Presseförderung: dieser ordentliche Journalismus

Man kann sich nicht immer aussuchen, welchen Job man macht. Man kann aber in jedem Job Haltung haben. Schwieriger wird das dann, wenn der Job gut bezahlt ist, die Kohle dringend gebraucht wird und Alternativen Mangelware sind. Dann braucht man beim Müllfressen eben einen längeren Atem.

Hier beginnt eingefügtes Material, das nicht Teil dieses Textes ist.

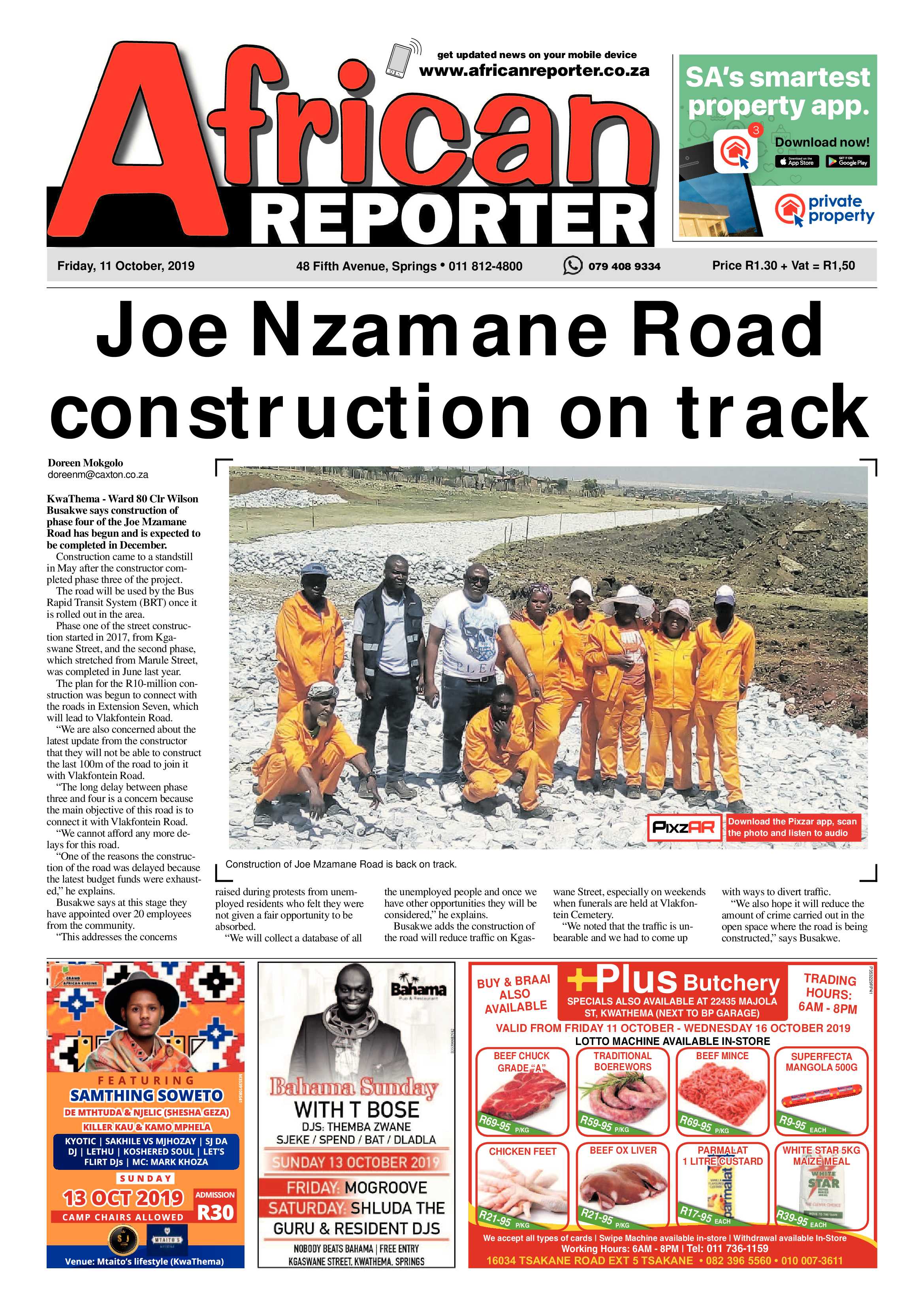 African Reporter 11 October 2019 page 1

Solche Müllfresser möchte offenbar Medienminister Thomas Drozda gerne züchten, wenn er Presseförderung für Gratiszeitungen damit argumentiert, dass es auch dort „ordentliche Journalisten“ gebe.
Dazu fallen mir mehrere Dinge ein:
  1. Presseförderung fließt ja bekanntlich direkt in Journalistengehälter. Schaut einfach mal auf euren Gehaltszetteln nach.
  2. Sind die „ordentlichen Journalisten“ die, die nach ihrer Gratisblatt-Zeit Selbsthilfegruppen gründen, sich über rauen Umgangston beklagen, beteuern, sie hätten ja „ordentliche“ Geschichten gemacht, wenn man sie nur hätte machen lassen, aber der Umstände halber wäre ihnen das nicht möglich gewesen?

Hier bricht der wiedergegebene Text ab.